TAHUN-TAHUN PERTAMA DI MADINAH
Abu Ayyub Al-Anshariy, yang nama aslinya Khalid bin Zaid An-NajjariyAl-Khazrajiy (dari puak Bani Najjar, kabilah Khazraj) bukanlah orang kaya. Namun terdorong oleh kecintaannya kepada Rasulullah Shalallahu alaihi wa aalihi wa shahbihi wa salam ia bersama keluarganya merasa gembira, bahkan amat bersyukur atas kesediaan Rasulullah Shalallahu alaihi wa aalihi wa shahbihi wa salam tinggal sementara di rumahnya. Kesediaan beliau itu dirasa sebagai kemuliaan besar yang dilimpahkan Allah Subhanahu wa ta’ala kepadanya. Ia menjamu beliau dengan segala kemampuan yang dimilikinya.
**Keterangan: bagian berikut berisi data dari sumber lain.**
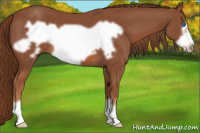 Horse Color:Liver Chestnut Frame 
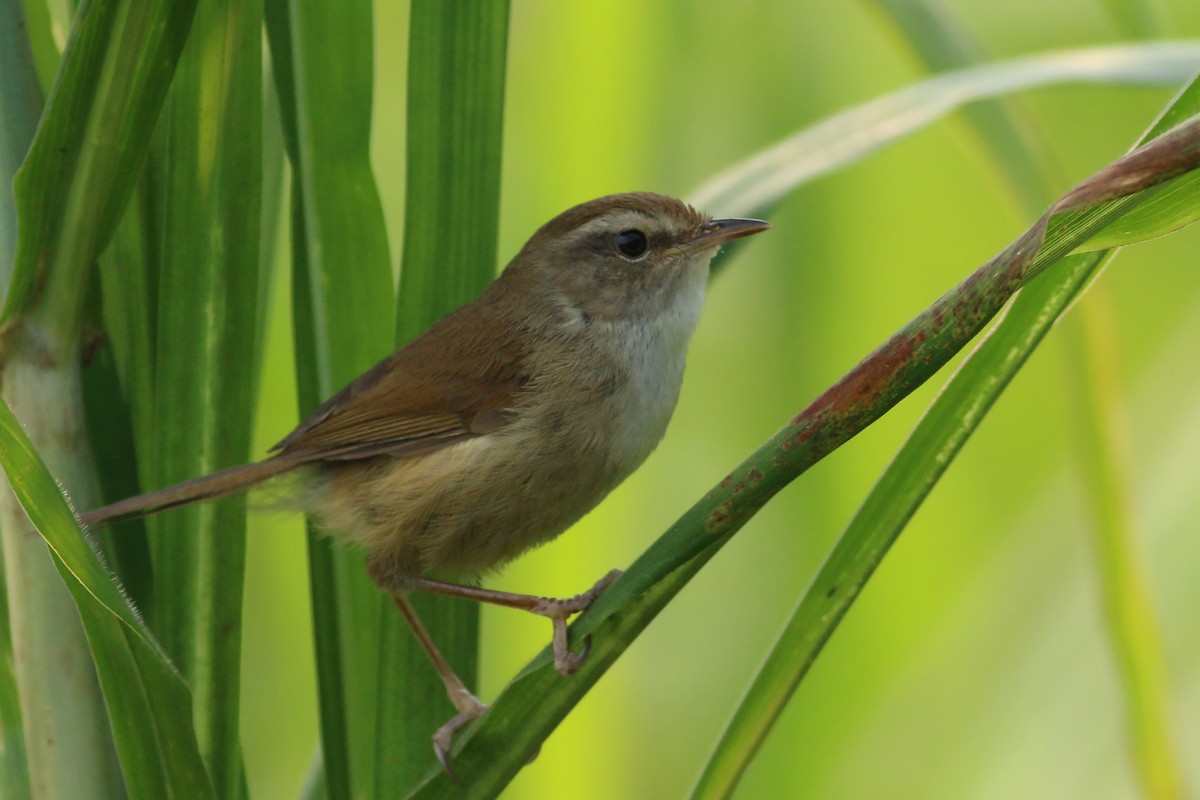 Brownish-flanked Bush Warbler (Taiwan) - ML641912357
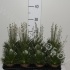 Сингонантус Syngonanthus Mikado Сингонантус Syngonanthus Mikado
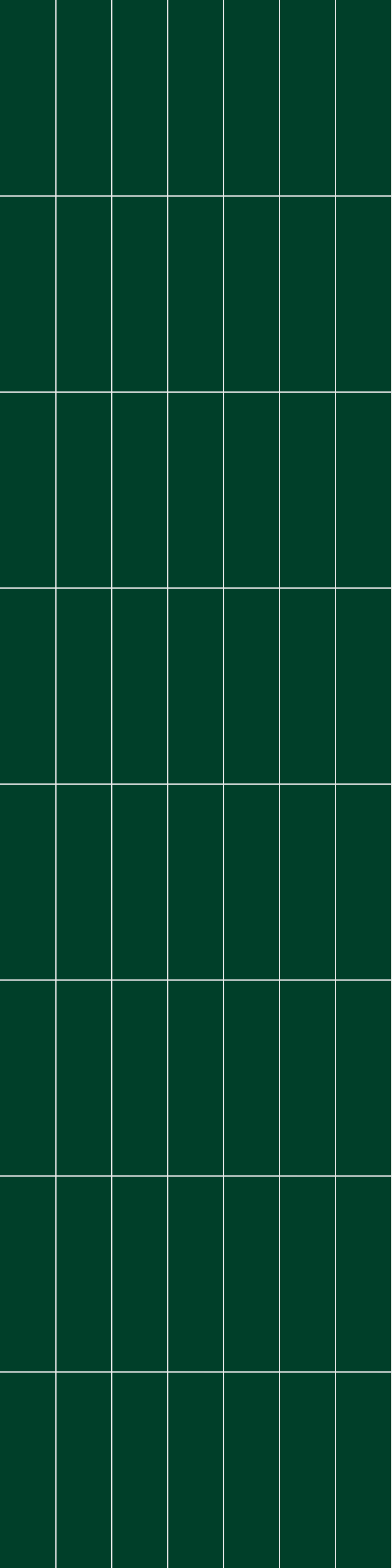 Sisustuslevy Fibo 5231M0830 Bottle Green 10x620x2400mm
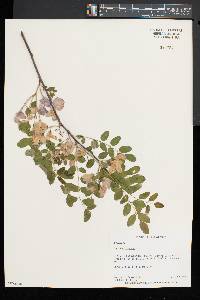 Robinia hispida image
Sekalipun Abu Ayyub berulang-ulang menghendaki Rasulullah Shalallahu alaihi wa aalihi wa shahbihi wa salam menempati ruangan bagian atas rumahnya, tetapi beliau memilih tinggal di ruangan bagian bawah, sehingga Abu Ayyub sendiri merasa canggung karena ia berpendapat tidak layak menempati ruangan atas, sedangkan Rasulullah Shalallahu alaihi wa aalihi wa shahbihi wa salam berada di ruangan bawah. Demikian tinggi penghormatan yang diberikan Abu Ayyub dan keluarganya kepada beliau. Dengan tulus ikhlas mereka memberikan pelayanan yang diperlukan beliau. Abu Ayyub dalam menuturkan keadaan hari-hari pertama Rasulullah Shalallahu alaihi wa aalihi wa shahbihi wa salam di rumahnya, antara lain mengatakan: “Keluarga kami menghidangkan santap malam bagi Rasulullah Shalallahu alaihi wa aalihi wa shahbihi wa salam. Setelah beliau makan, sisa makanan yang masih tinggal kami makan dengan harapan beroleh keberkahan. Ketika itu beliau menempati bagian bawah rumahku sedang aku sekeluarga menempati bagian atas. Pada suatu hari sebuah wadah penuh air di ruanganku jatuh dan airnya tumpah. Aku dan istriku khawatir kalau-kalau air yang tumpah itu menetes ke ruangan bawah dan mengganggu Rasulullah Shalallahu alaihi wa aalihi wa shahbihi wa salam Selimut satu-satunya yang kumiliki segera kuambil dan kupergunakan untuk mengeringkan air yang tumpah itu”. Demikian riwayat berasal dari Abu Ayyub sendiri yang dikemukakan oleh Ibnu Ishaq.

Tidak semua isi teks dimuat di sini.